Any conception of freedom or autonomy that's relevant in a discussion like this one dates back to well before the late capitalist period; you can look back to Rousseau if you want to find people wringing their hands about philosophically preserving self-determination.

Even putting that aside, we're not talking about "self-determination" in the sense of "getting to pick what outfit to wear" (and trying to analogize it to such is, again, pretty ghastly); it's the ability to choose not to let someone or something else literally subsist off you as a parasite. Who we as a society consider human enough to have that right has varied significantly over time, but the idea of exercising it is hardly new.
 

BamfMeat

Member
I'm pro-choice and that 95% statistic is very curious. You can't just say it's your body, because it's not. It's your body and someone else's. It's still your choice, but to completely put a halt to one of the most amazing biological miracles known to the universe, after it's already set in motion, is traumatic. No regrets?

Can someone explain something to me? Why is "the miracle of birth" any more or less of a miracle than the rest of the various shit that happens throughout the universe.

sperm, meet egg. cells replicate and boom, person. How is that any more or less of a "miracle" than say, bee, grab the pollen there and take it over to that other flower. Now procreation happens.

Like, seriously, sex and children and birth aren't some fucking miracle. It's just another process that was put into motion the same way every other process in the universe was put into motion - by chance. I mean shit, it isn't like it's even that hard to create this said "miracle". men shoot out a fuckton of sperm at a time. We know roughly when a woman is ovulating. It's not hard to set even that specific cycle in motion.
 

Poop!

Member
Can someone explain something to me?
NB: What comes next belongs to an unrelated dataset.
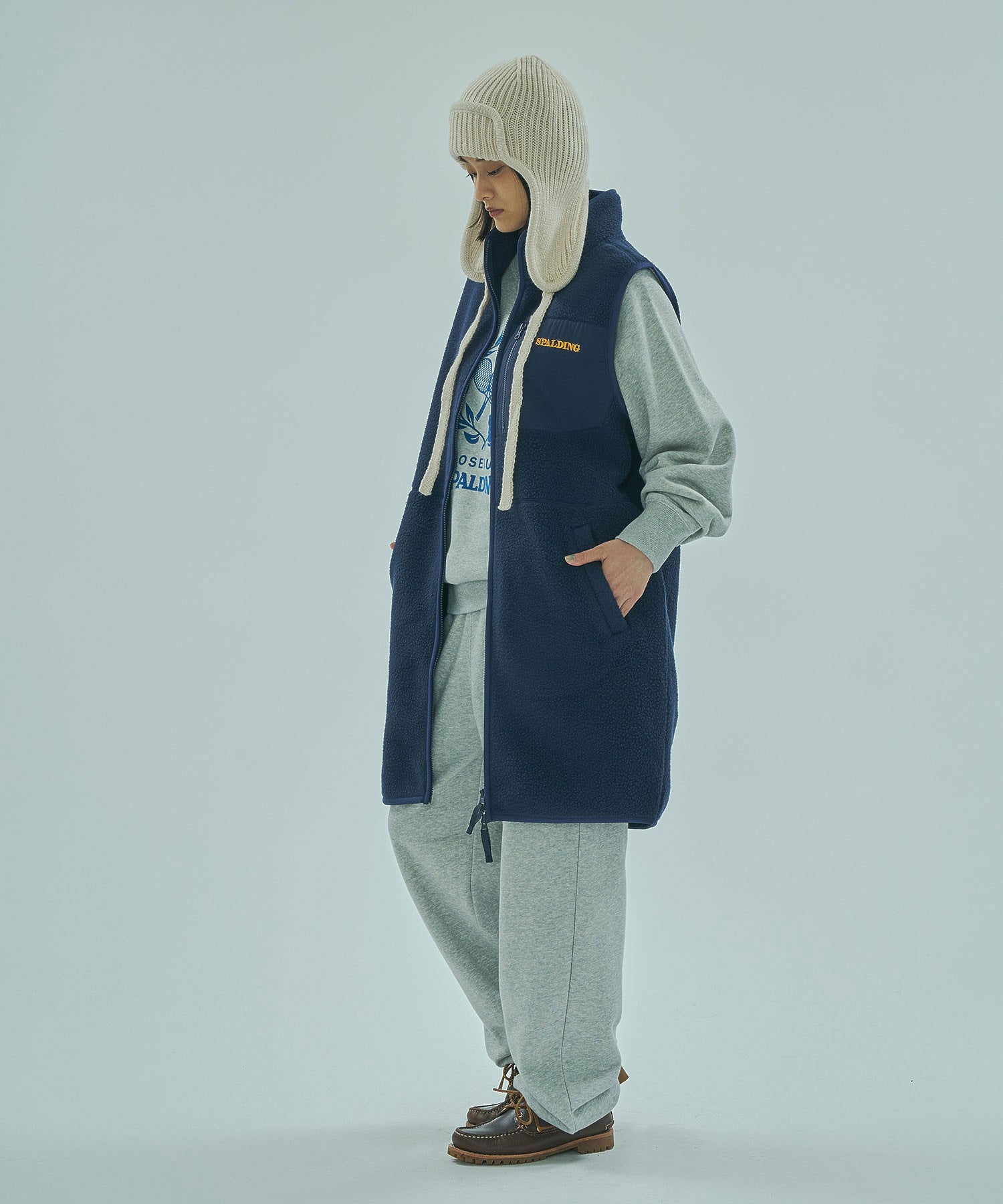 ROSEBUD FLIGHT KNIT CAP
Why is "the miracle of birth" any more or less of a miracle than the rest of the various shit that happens throughout the universe.

sperm, meet egg. cells replicate and boom, person. How is that any more or less of a "miracle" than say, bee, grab the pollen there and take it over to that other flower. Now procreation happens.
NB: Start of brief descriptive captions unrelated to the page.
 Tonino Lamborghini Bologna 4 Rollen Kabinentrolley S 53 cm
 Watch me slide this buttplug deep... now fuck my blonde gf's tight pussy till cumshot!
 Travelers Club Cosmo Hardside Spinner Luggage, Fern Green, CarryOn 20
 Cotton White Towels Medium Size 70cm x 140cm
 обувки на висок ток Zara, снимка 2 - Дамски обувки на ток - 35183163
Like, seriously, sex and children and birth aren't some fucking miracle. It's just another process that was put into motion the same way every other process in the universe was put into motion - by chance. I mean shit, it isn't like it's even that hard to create this said "miracle". men shoot out a fuckton of sperm at a time. We know roughly when a woman is ovulating. It's not hard to set even that specific cycle in motion.

Here's a video that explains what he's talking about:

http://youtu.be/_-agl0pOQfs
 

-duskdoll-

Member
The most shocking part of this thread is the way people completely disregard the consequences of giving birth. This isn't the sims, you're not going to spin a couple of times and have a baby in your hands. Pregnancy and child birth fuck up women's bodies because our brains have become bigger and babies can't get out of the womb as easily, we can't just shit children like we did millions of years ago. So the "but just put it up for adoption!" argument is completely stupid, because you're essentially saying that women should put their lives and bodies at risk to give birth to a child they don't even want, and then sent that child to an orphanage, because our orphanages aren't full yet.

There are a million ways to get pregnant (lack of sex education, drinking, rape, not using condoms for religious reasons), and neither condoms and birth control are 100% effective. So really the best way to make sure you never get pregnant is abstinence or vasectomy/tying your tubes. And there are a million reasons why women would want an abortion, (financial reasons, religious reason, health reasons, teen pregnancies etc). So can we stop pretending that women who have abortions are these murderous monsters? Because you literally have no idea what's going on in their lives and why they made their decision. When YOU get pregnant you can make any decision you want, but stop dictating what others should do based on what makes comfortable.

You know for people who are supposedly pro-life, you sure don't give a shit what happens to that life after it leaves the womb.